Blount was true to his word, posting a paragraph about his time with every team that brought him in. With one exception: the Detroit Lions.
LeGarrette Blount’s long and winding football career
At his best, the 247-pound Blount was a bruising, talented running back who made defenses miserable at the goal line. At his worst, he was responsible for incidents on and off the field.
Only ranked as a two-star recruit coming out of high school, Blount attended East Mississippi Community College for two years and raised his prospect stock enough to transfer to Oregon.
A highly anticipated senior season after a junior-year success with the Ducks was spoiled after just one game, when Blount infamously punched a taunting Boise State player and almost started tussling with Broncos fans after an upset loss. Blount was suspended for nearly the rest of the season and went undrafted in the 2010 NFL draft.
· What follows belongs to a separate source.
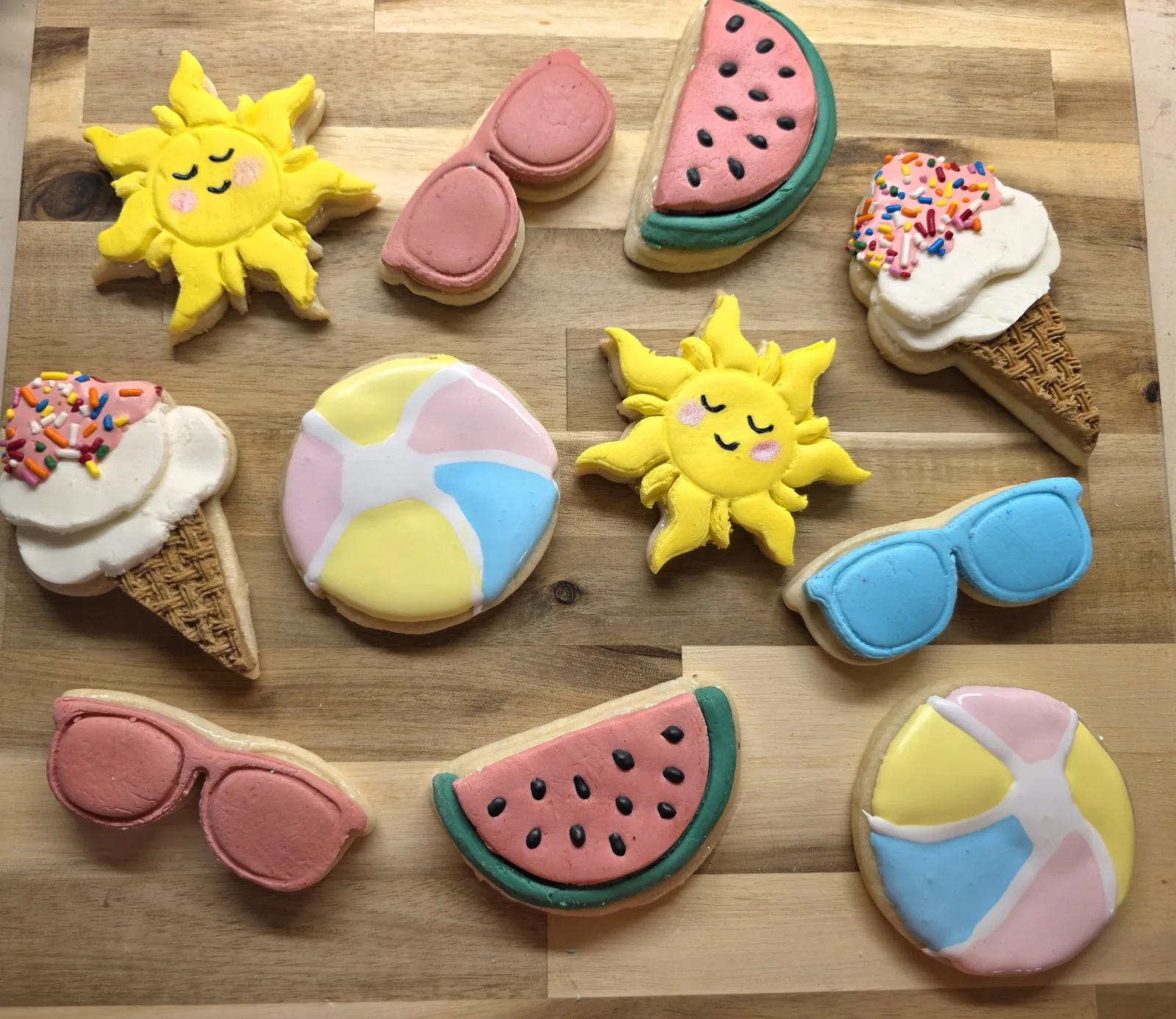 Assortment of decorated sugar cookies featuring yellow suns with closed eyes, pink and blue sunglasses, watermelon slices, pastel beach balls, and ice cream cones with rainbow sprinkles.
Blount’s NFL career began with the Tennessee Titans, who waived him after training camp. The Tampa Bay Buccaneers then claimed Blount, who became only the second undrafted rookie to rush for 1,000 yards in his first season.
Blount would move from the Bucs to the Patriots to the Pittsburgh Steelers over the next few seasons, before landing again with the Patriots, when he enjoyed the most successful stretch of his career. Blount won two Super Bowls in New England, and rushed for 1,864 yards and 24 touchdowns between the 2015 and 2016 seasons. He’d win another ring with the Philadelphia Eagles the year after leaving New England as well.
Blount’s final NFL season came in 2018 with the Detroit Lions, where he averaged a career-low 2.7 yards per rush. Given what we know about former Lions head coach Matt Patricia’s relationship with some players, it may not be surprising Blount didn’t mention his time there in his statement.